If you want to get high without the exertion of crack climbing, there is also a via ferrata — a series of iron rungs driven into the stone far up the cliff with pre-installed fall protection cables. It's up the Anqini Trail, across the gulley from the Pillars climbing area. Ask ahead at the visitor center if there will be staff there to collect your fee and let you on because when we walked past the gate was closed and chained.
About an hour drive back down to the Jinsha River and then south near Shigu (石鼓镇) there is also some limestone sport climbing being developed in an area with huge long-term potential. A climbing-oriented guesthouse is being constructed and the owner, Reuben, can point your toward the areas that have already been bolted. These include a massive multi-pitch that has yet to see a first ascent.
Hiking and biking
The area around Liming is full of trails and walkways ranging from staircases running all the way up Thousand Turtle Mountain, to small goat paths on the flanks of the South Valley. There are also purportedly hiking paths — shown on a fairly undetailed map available at the visitor center — linking Liming to other areas of Laojunshan, including the 99 Dragon Pools (九十九龙潭) area written about previously by Adam Kritzer. But I did not personally hike these, so cannot comment on how well marked they are and to what extent they are paths or merely dirt roads.
My sense is that with a backpack, tent and several days worth of food, you could get way out there and see some pretty cool nature, especially deeper into the enormous park. But this trip was limited to the area around Liming, so I can't vouch for what it's like out in the more wild areas. A few bikable roads also run through the park and are ripe for exploration.
Room and board
We stayed at Faraway Inn, which I recommend. The owner is a low-key local who has a unique aesthetic sensibility and has decorated the guesthouse by hand with remarkable statues and fixtures made from recycled materials and local stone and wood. Rooms are not fancy, but prices are reasonable, starting from around 60 yuan per night for an ensuite room. Cheaper dormitory options are also available. Faraway can be reached by calling 13578378448.

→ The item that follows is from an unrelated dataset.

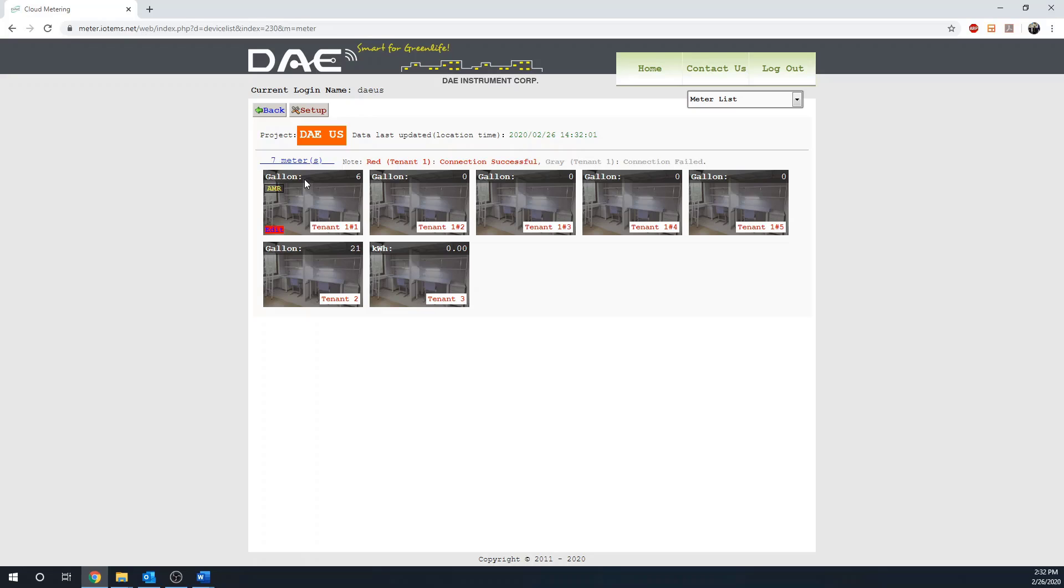If the color of the name is gray like this, it means the connection failed. If the color of the name is red like this, it means the connection is successful.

Other choices include the Nuomadi Inn (诺玛底客栈) 'boutique' option across the street from Faraway, which starts from around 300 yuan per night, plus several other inexpensive local guesthouses, mostly concentrated in the village, but with a few further up the valley. For a truly high-end experience in a remote location further within the park, the deep-pocketed should check out Kingsway Geladan Tented Resort.
The food we had in Liming didn't show much ethnic influence, with the exception of baba bread sold from a cart on the main street. In general, all of the meals I had in Liming were delicious and reasonably priced.

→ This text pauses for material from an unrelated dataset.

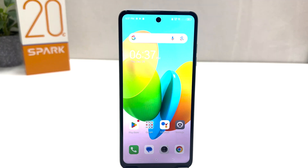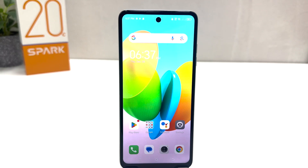Hello and welcome back to my another tutorial. In this tutorial I am going to share with you how to change screen timeout in your Tecno Spark 20C. So let's take a look at how to do that.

Two restaurants just up from the entrance gate shone in particular — the dining room attached to the Luoyi Guesthouse (络绎客栈) and the Jixiang Fandian (吉祥饭店), the latter of which also serves good noodles at breakfast. Dinner in Liming hardly breaks the bank, and is typically 20 to 30 yuan per person.
Comprehensive and relatively up-to-date transit info is available from Junshan Climber. Faraway Inn and other guesthouses may also be able to help you arrange transportation. The park entrance fee is 105 yuan with an available student discount. Hint: if you can't read English, a foreign driver's license looks a lot like a student identification card.